La canción del Narcea (1925)
Las muchachas del barrio suelen servir en las casas de la villa; las mujeres asisten, lavan o cuidan en su “casina” un “huertín” y un “jato”. Los hombres trabajan a jornal, y en los días que éste falta o en los ratos de descanso pescan truchas en el Narcea. Tal cual rapazón de diabólico mote las pesca siempre aun en veda, y además descomunales merluzas, en posesión de las cuales alborota el barrio —¡vino de Cangas, qué ruidosos haces a tus libadores!—, poniendo en jaque a los municipales, y sintiendo ánimos de matoncillo.
Pues bien; todo esto lo contemplo desde mi ventana, abierta a un paisaje maravilloso, de ensueño “Quitapesares” llamo a mi alta galería y a mi habitación en ésta, y a fe, lector que me honras siguiendo benévolo mis crónicas, que si conocieras el vasto horizonte que desde ellas domino, quedaría suspenso tu ánimo, habituado a la llanura seca, ardiente, monótona de Castilla.

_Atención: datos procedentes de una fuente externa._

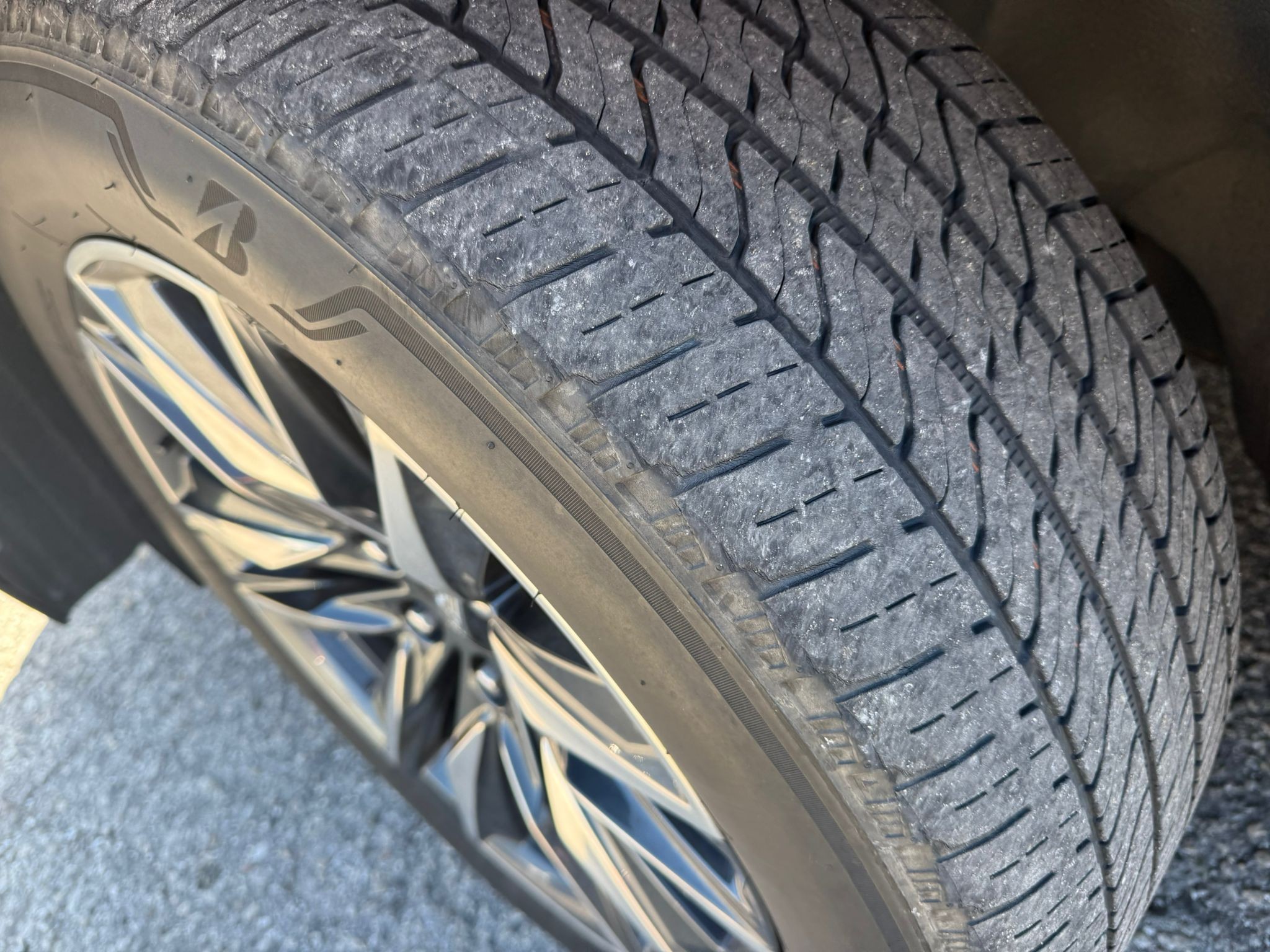 used 2021 Cadillac Escalade ESV car, priced at $85,998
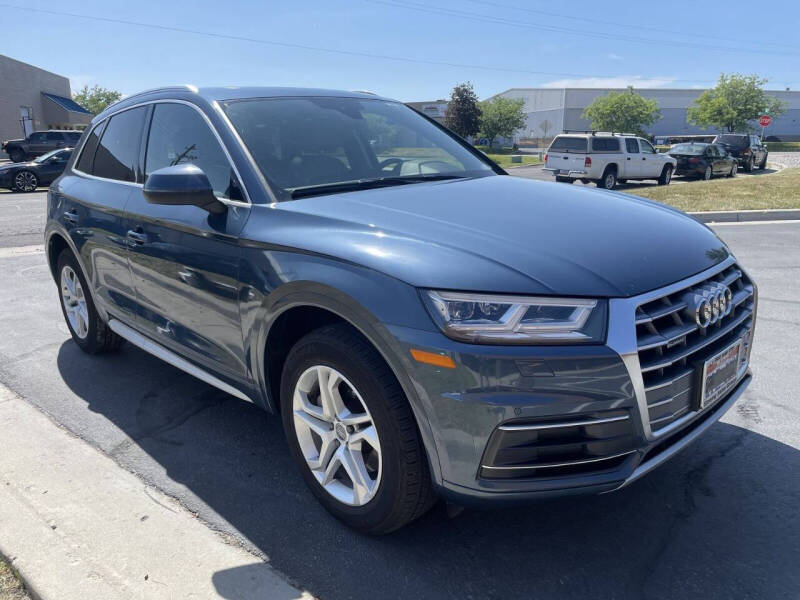 2018 Audi Q5 2.0T quattro Premium Plus
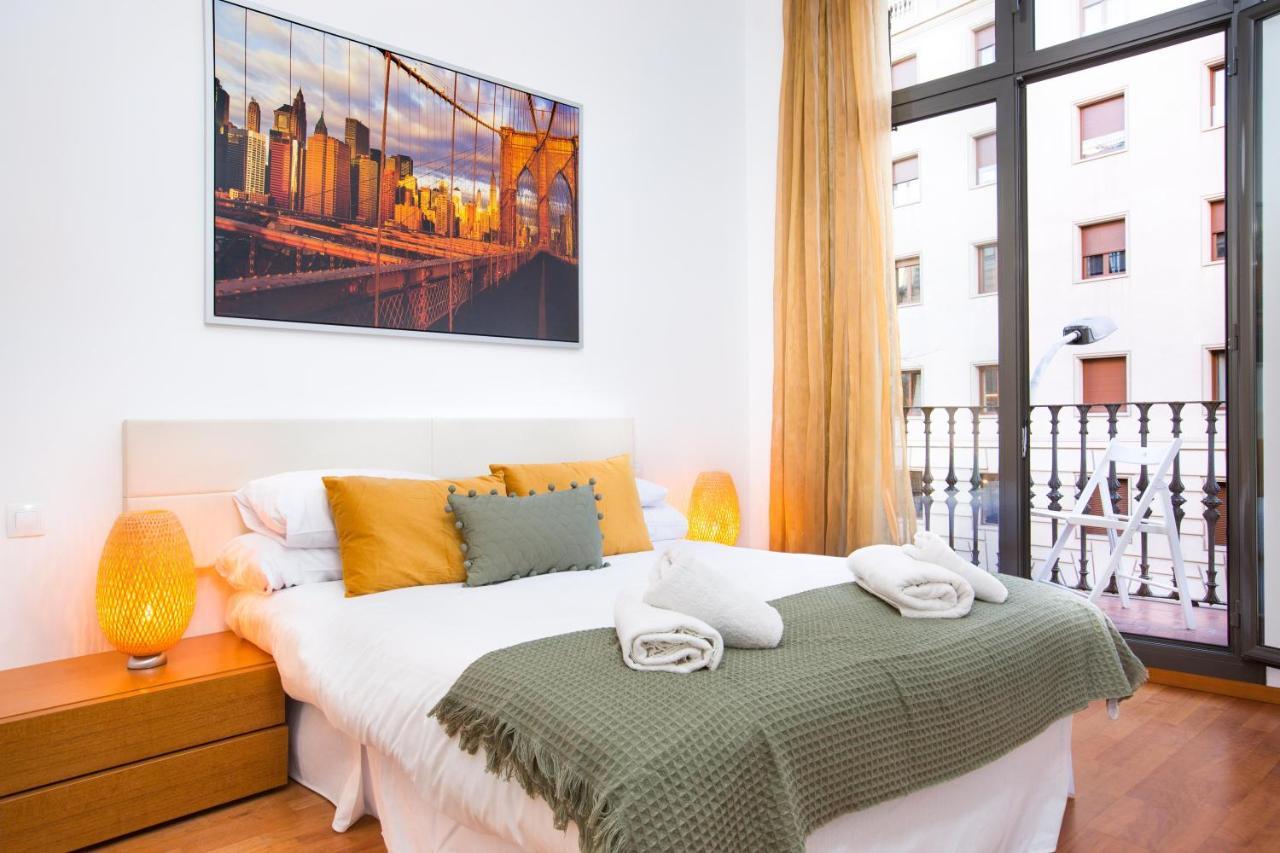 Stay U-Nique Apartments Balmes Barcellona Esterno foto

Luego, siempre me arrulla la canción del río. Corren sus aguas mansas y suaves, dejándose dominar por los campesinos para regar prados y mover molinos vetustos de tosco y primitivo artefacto. Frente a la villa, y debajo precisamente de mi elevado mirador, ruge un poco atrevido, cantando y partiéndose en blancas espumas al correr por los peñascos vecinos. Pero vemos que es fanfarrón y sencillo cuando aquel muchacho que se baña, arrojándose a profundo pozo, sale indemne nadando, sin que se lo trague, o cuando el maestro del pueblo saca una gran trucha de libra con su caña, semejante a un ballenato.
Sin embargo, el Narcea y su eterna canción murmuradora me parecieron tristes una vez. Finaba este invierno, y un día de cielo gris y triste, de cierzo helado presagiador de nieve, de aguas chorreantes en montañas y caminos por doquiera, hube, cumpliendo deberes judiciales, de trasladarme al cementerio de un pueblo no lejano, para presenciar una autopsia.
Llaman aquel camposanto “de Puchanca”. Es una diminuta península asentada sobre rocas, a tres o cuatro metros de altura sobre el río, y dirigida contra la corriente del Narcea. Así parece la proa de un navío que navega hendiendo con fuerza las aguas que, locas y arrolladoras, baten la roca.
Nunca vi lugar más encantador y delicioso, aunque la triste tarde de marzo y las circunstancias que allí me llevaban no dejasen propender mucho el ánimo a fantasías poéticas. A mi recuerdo vino la famosa barca de Caronte, que surca el lago de lo infinito desconocido, con los muertos, que deben pagar el óbolo a su barquero.
Yo pensaba en los bellos cementerios mundanos y lujosos que conozco en grandes capitales: el coruñés, el Père Lachaise de París, los de Milán y Florencia. ¡Cuán distaban de aquel humilde y pequeño que tenía delante! Pero ¡qué emoción delicada embargaba el ánimo en aquel apartado rincón astur y en plena Naturaleza! ¡Qué mejor sitio que aquel para descansar siempre sobre aquella roca viva, barca de la eternidad, que lamen y arrullan las aguas cantarinas del Narcea, bello río asturiano!
Empezó a caer nieve. El forense, al aire libre y bajo aquella, manejaba rápido y seguro el bisturí, en aquel cuerpo de mujer, aún joven y hermosa, poco antes codiciado, y que un accidente había tronchado en flor. Cuando —¡la ley falta!— el escoplo golpeado por un mazo hendía aquel cráneo para abrirlo mientras escuchaba su sordo y angustioso sonido sentí una desolación, una angustia infinita, la misma que en el momento supremo debemos experimentar en los linderos de la Vida y de la Muerte…
Por eso aquel día me pareció triste como nunca y plañidera la canción del Narcea, que siempre resuena alegre debajo de mi ventana, junto a la que escribo esta crónica.